Orders of multilingualism in central Europe: linguistic regimes, social categorization and belonging
At Council for European Studies 16th International Conference.
06 - 08 Mar 2008.
My starting point in this paper is Jan Blommaert’s injunction to explore ‘the various forms of interconnectedness between levels and scales of sociolinguistic phenomena’ in the process of establishing a ‘sociolinguistics of globalisation’. My particular focus is on ways in which ideologies of linguistic differentiation are refracted through various discursive layers in talk about language in the context of the EU: from the institutionalised privileging of a certain kind of multilingualism in EU strategies through national policies on language and citizenship to individual perceptions and evaluations of linguistic experience.
National governments of member states sign up to multilingual strategies which are predicated on the unquestioned legitimacy of ‘national languages’ but at the expense of other linguistic varieties (whether or not they are identified as ‘European’) which lack their currency or authority. Discourses around the German language are emblematic of this process of elision: it is promoted above English as the language with the highest number of ‘mother-tongue’ speakers in the EU, it is the ‘national language’ of more than one member state and of the driving force of the EU economy, its embodiment of the cultural heritage of ‘central Europe’ gives it a special place in the emergence of the new European space. But it occupies a different position in the European ‘linguascape’ (Coupland) depending on the vantage point of the observer.
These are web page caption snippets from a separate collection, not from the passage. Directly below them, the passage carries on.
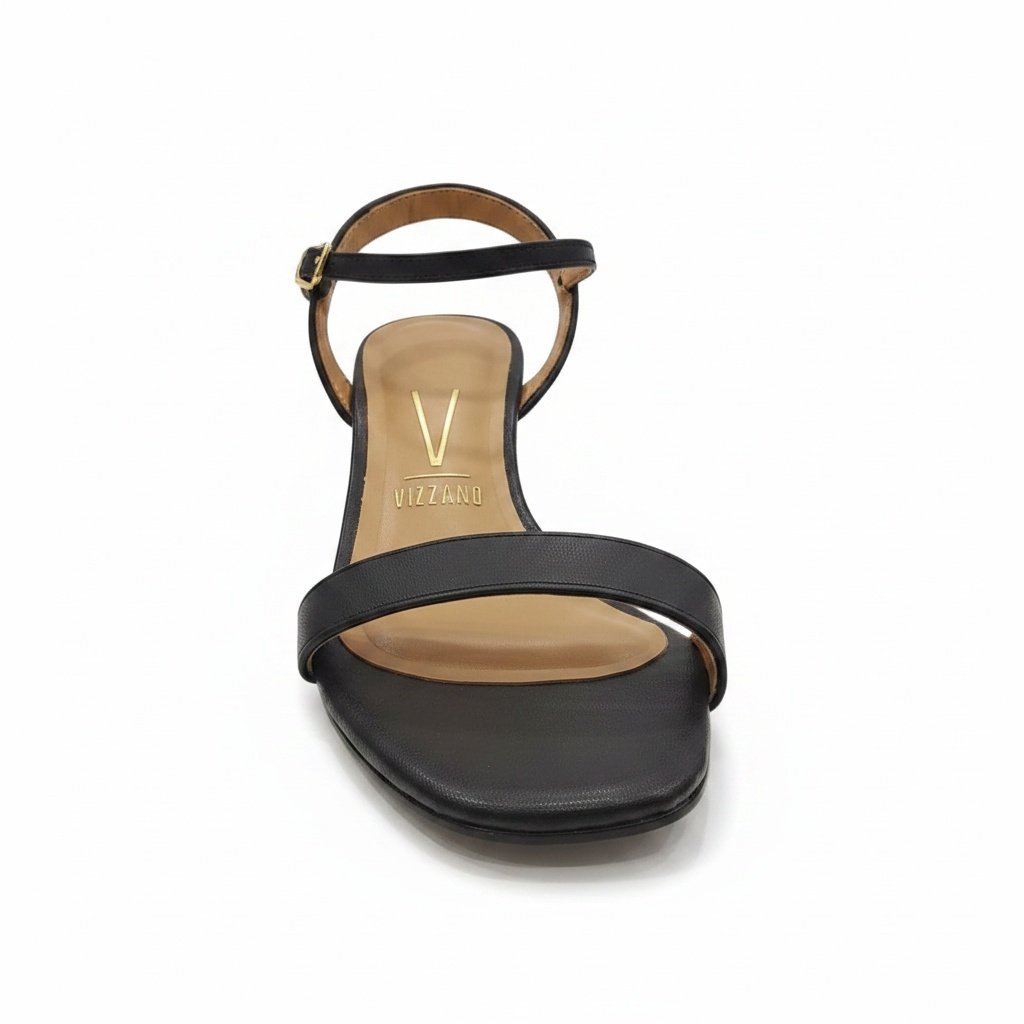 Sandalia Vizzano Salto Baixo Bloco Feminina Preto Fosco Preto 4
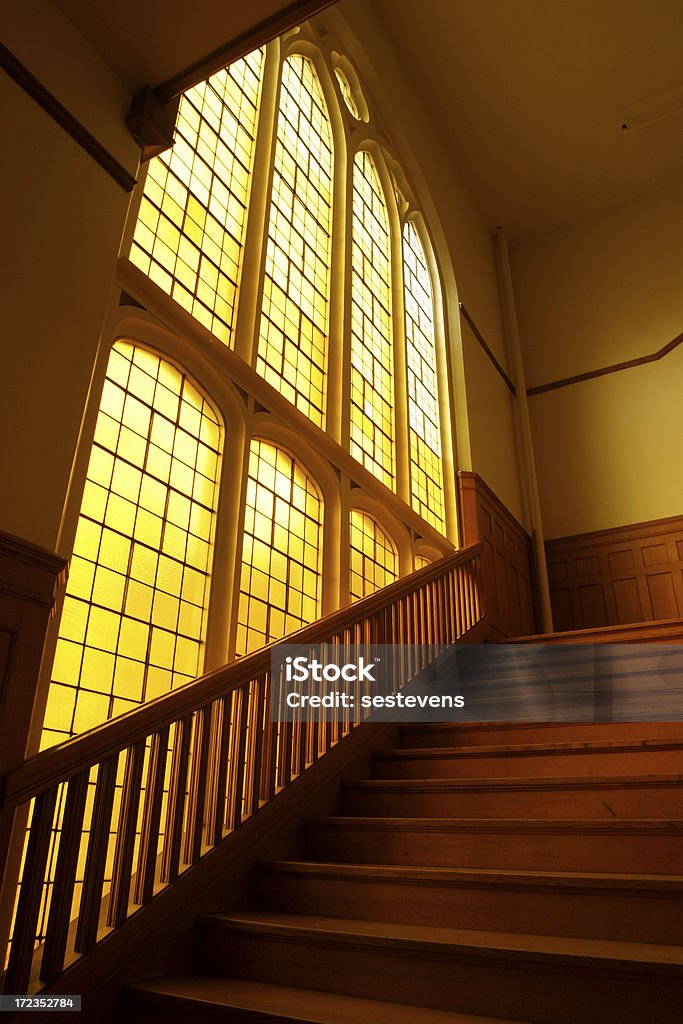 Mattina scalinata illuminata - Foto stock royalty-free di Università del Colorado a Boulder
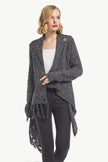 Angel Wings One-Button Tassel Tie Asymmetrical Hem Cardigan  Style Ratio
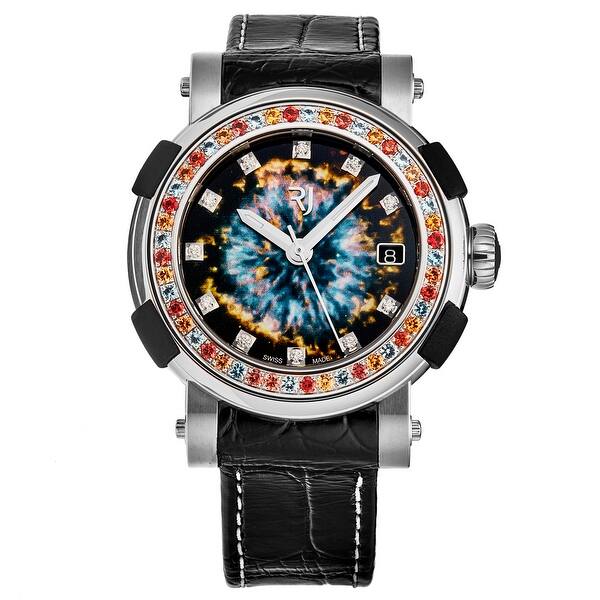 Shop Romain Jerome Women S 1s39a Tttr 6000 Ar 1112 Sto19 Arraw Star Twist Glowing Eye Nebula Diamond Dial Spinning Bezel Watch On Sale Overstock 31644174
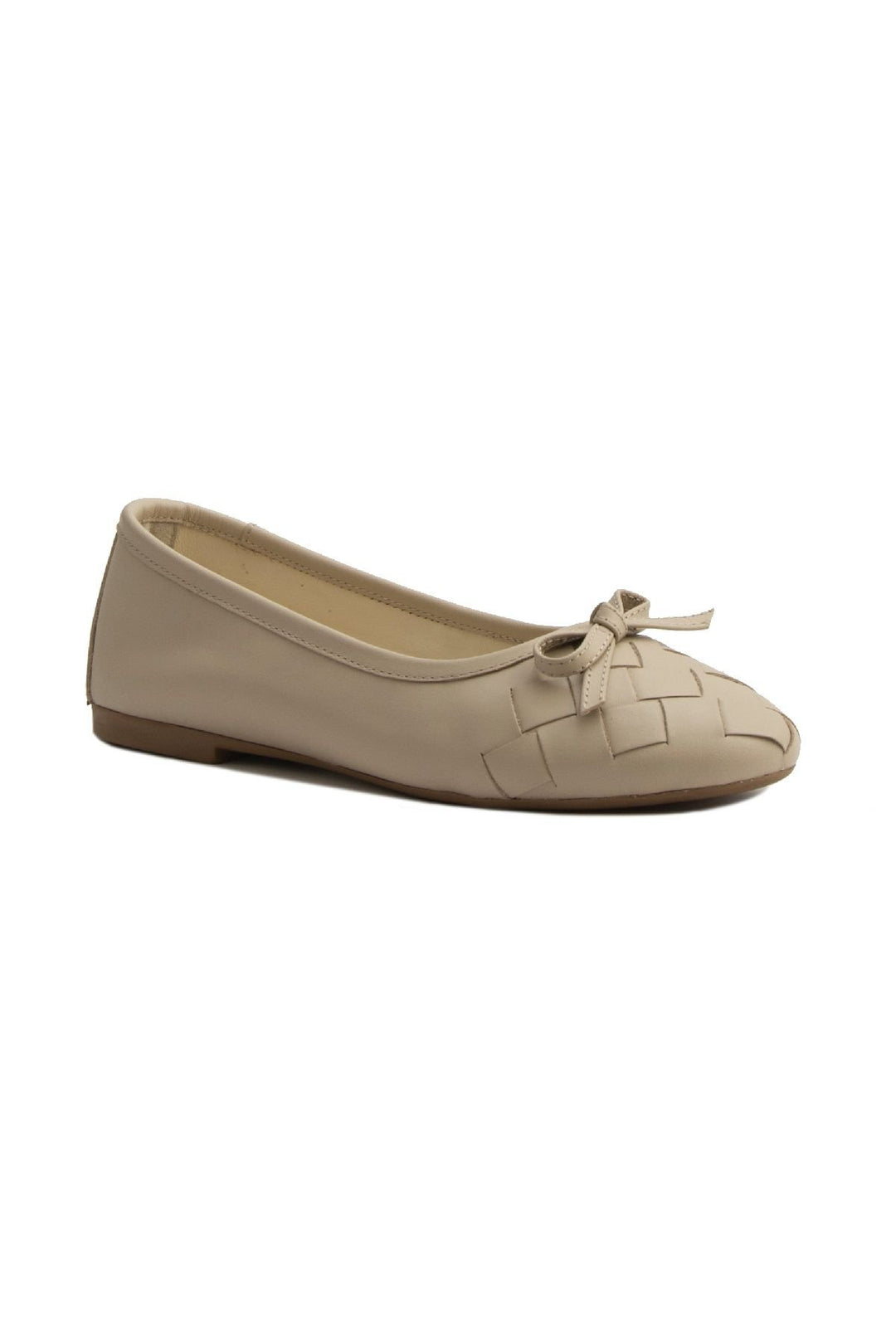 Pegia Women's Leather Ballet Shoes DG6019  - Beige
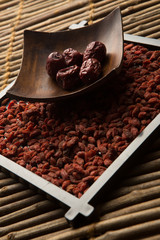 Traditional Chinese herbal health medicine ginseng.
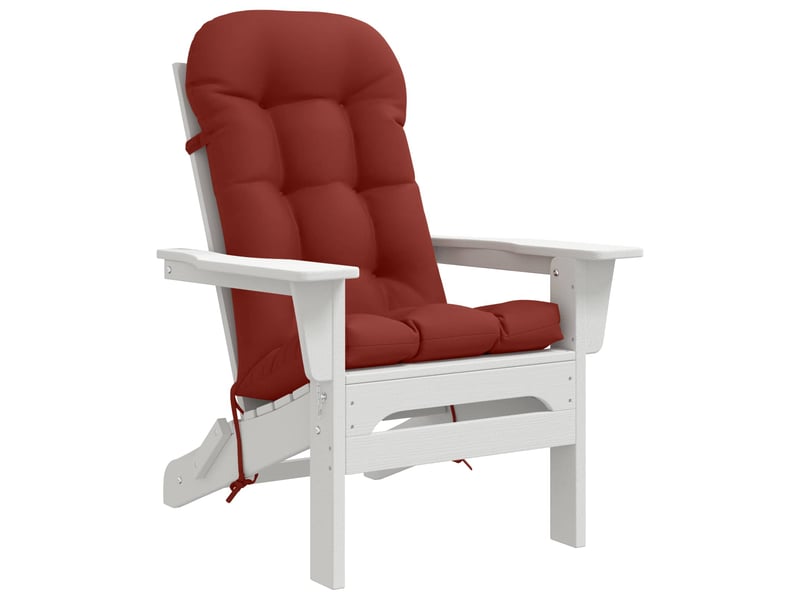 Coussin de transat ensoleillé, coussin pour bain de soleil putten 100 % polyester rouge cf56085 - Conforama C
In Germany and Austria, standard German anchors the idea of a national language, neutralising problematic processes of social categorisation, but simultaneously creates potentially exclusionary obstacles to the construction of new conceptions of citizenship; in neighbouring eastern states, the same standard language ideology underpins the foreign cultural policy of German and Austrian governments but requires a realignment or recalibration of the repertoires of German-speaking minorities.
My paper is framed by the encompassing discourses of multilingualism in national and European institutions, but it incorporates illustrative analyses of individual encounters with the politics of language in everyday life under different social and historical conditions in central Europe.